_TASK ITEM_.
Omit all pictures and transcribe only the lines in the entries below that run from the line with "Polo PH 3144 931680 51 Men sunglasses" through the line with "Separator pentru degetul mare, cod 740".

═══ ENTRIES SUPPLIED ═══

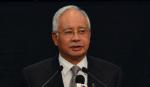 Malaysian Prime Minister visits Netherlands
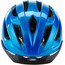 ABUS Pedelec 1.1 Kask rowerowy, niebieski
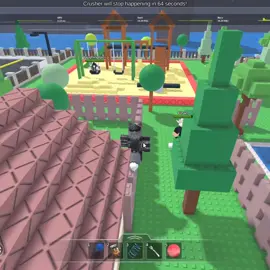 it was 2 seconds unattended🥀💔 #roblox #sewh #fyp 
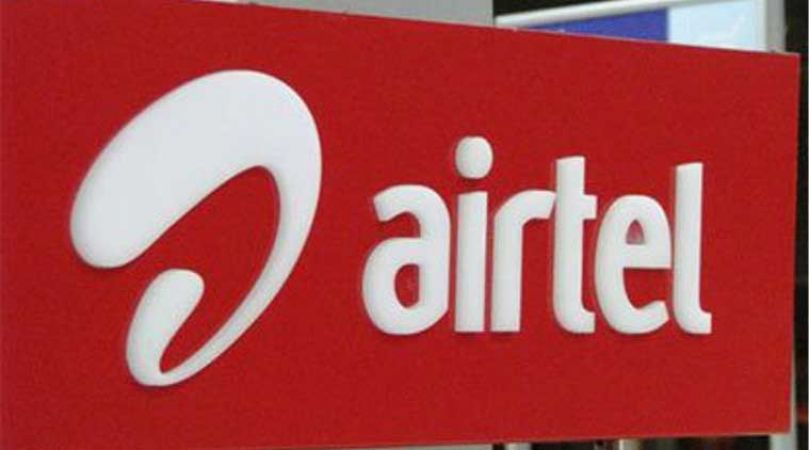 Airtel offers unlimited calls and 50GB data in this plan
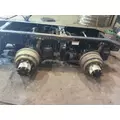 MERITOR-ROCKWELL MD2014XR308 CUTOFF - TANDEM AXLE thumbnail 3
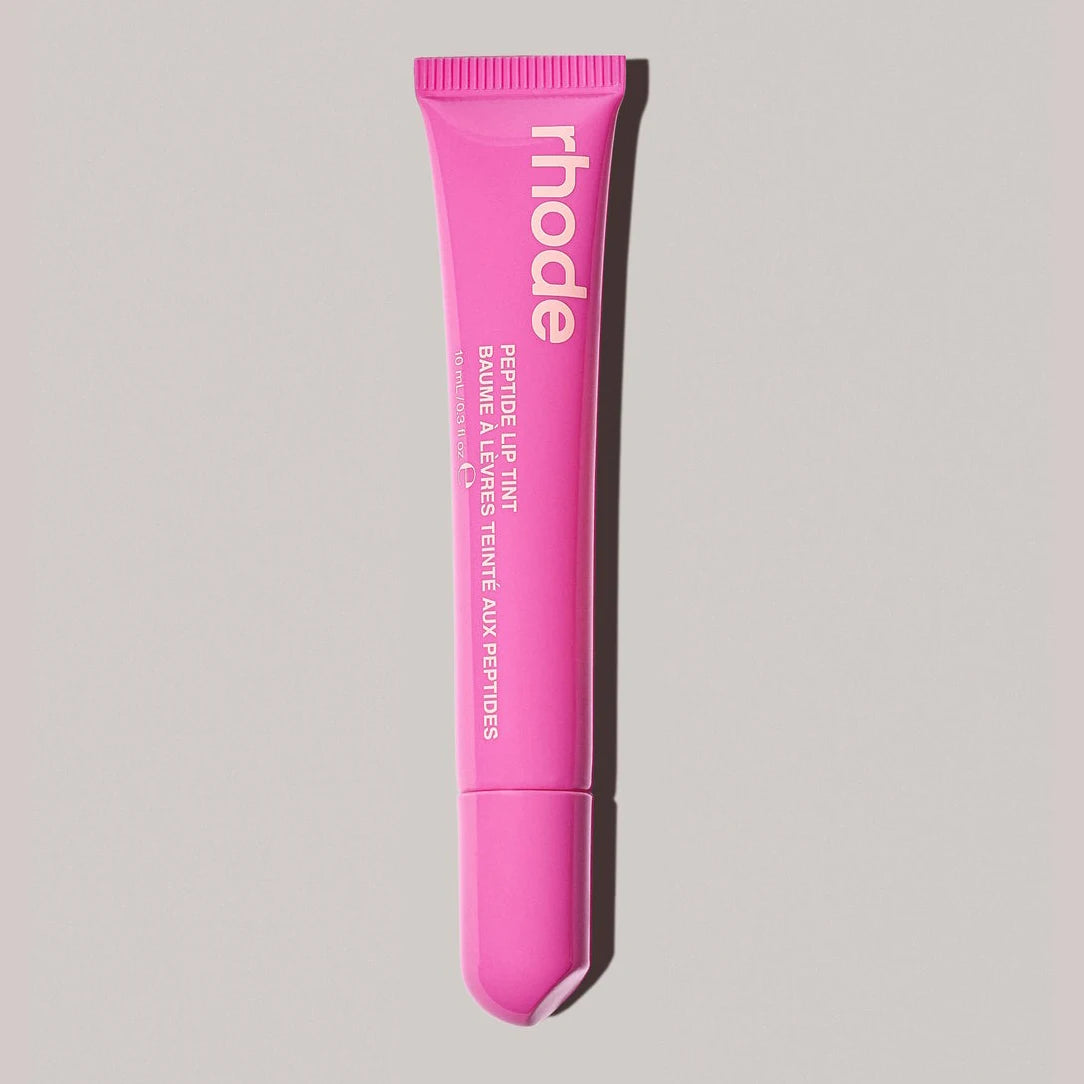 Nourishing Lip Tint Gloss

═══
═══ ENTRIES SUPPLIED ═══

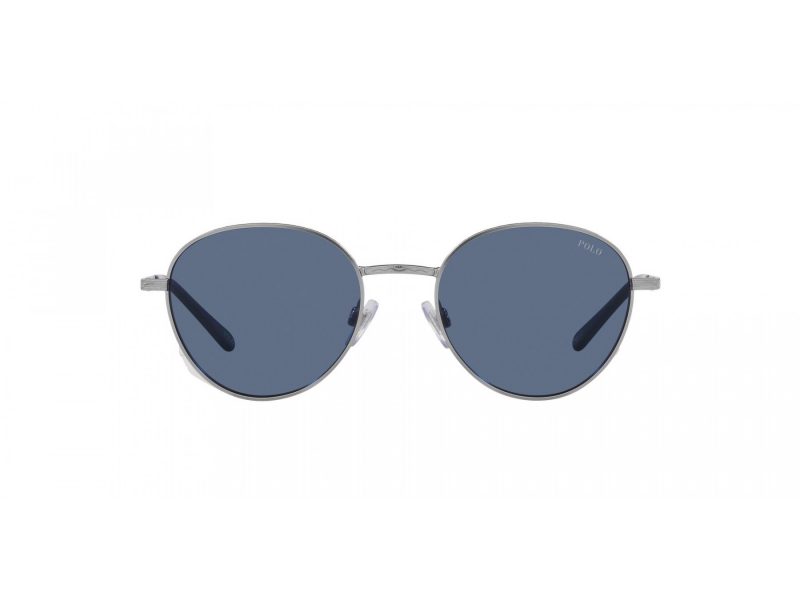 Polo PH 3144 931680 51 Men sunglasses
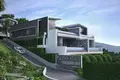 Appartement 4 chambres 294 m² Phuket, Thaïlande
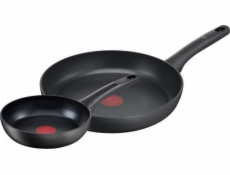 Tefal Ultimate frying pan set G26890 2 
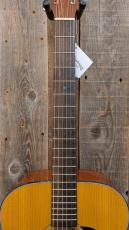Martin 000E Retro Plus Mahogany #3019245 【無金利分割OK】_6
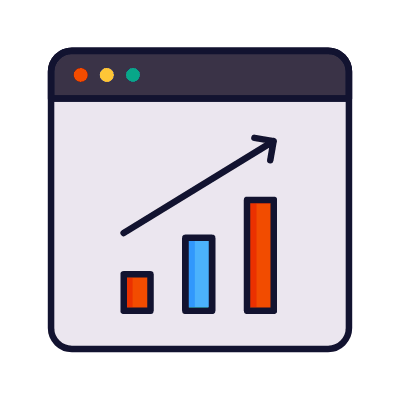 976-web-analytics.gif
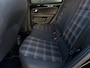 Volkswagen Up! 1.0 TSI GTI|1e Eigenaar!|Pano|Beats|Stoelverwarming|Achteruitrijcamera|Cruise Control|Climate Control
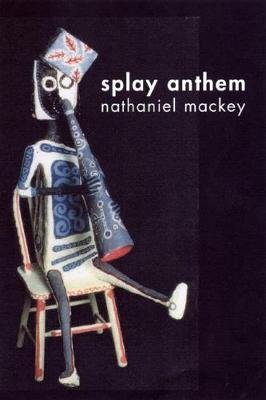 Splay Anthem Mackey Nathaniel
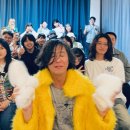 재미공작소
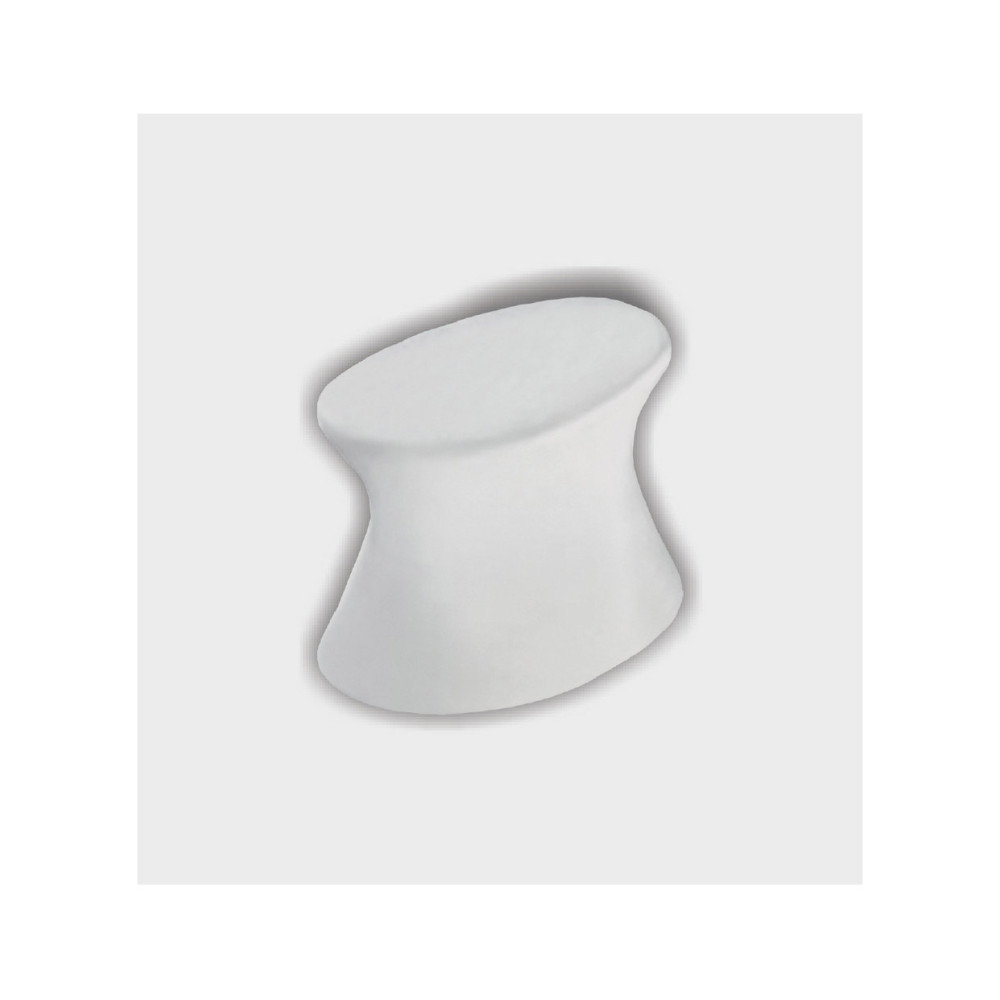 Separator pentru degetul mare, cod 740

═══

_SOLUTION FOR THIS PROBLEM_.
 Polo PH 3144 931680 51 Men sunglasses
 Appartement 4 chambres 294 m² Phuket, Thaïlande
 Tefal Ultimate frying pan set G26890 2 
Martin 000E Retro Plus Mahogany #3019245 【無金利分割OK】_6
 976-web-analytics.gif
 Volkswagen Up! 1.0 TSI GTI|1e Eigenaar!|Pano|Beats|Stoelverwarming|Achteruitrijcamera|Cruise Control|Climate Control
 Splay Anthem Mackey Nathaniel
 재미공작소
 Separator pentru degetul mare, cod 740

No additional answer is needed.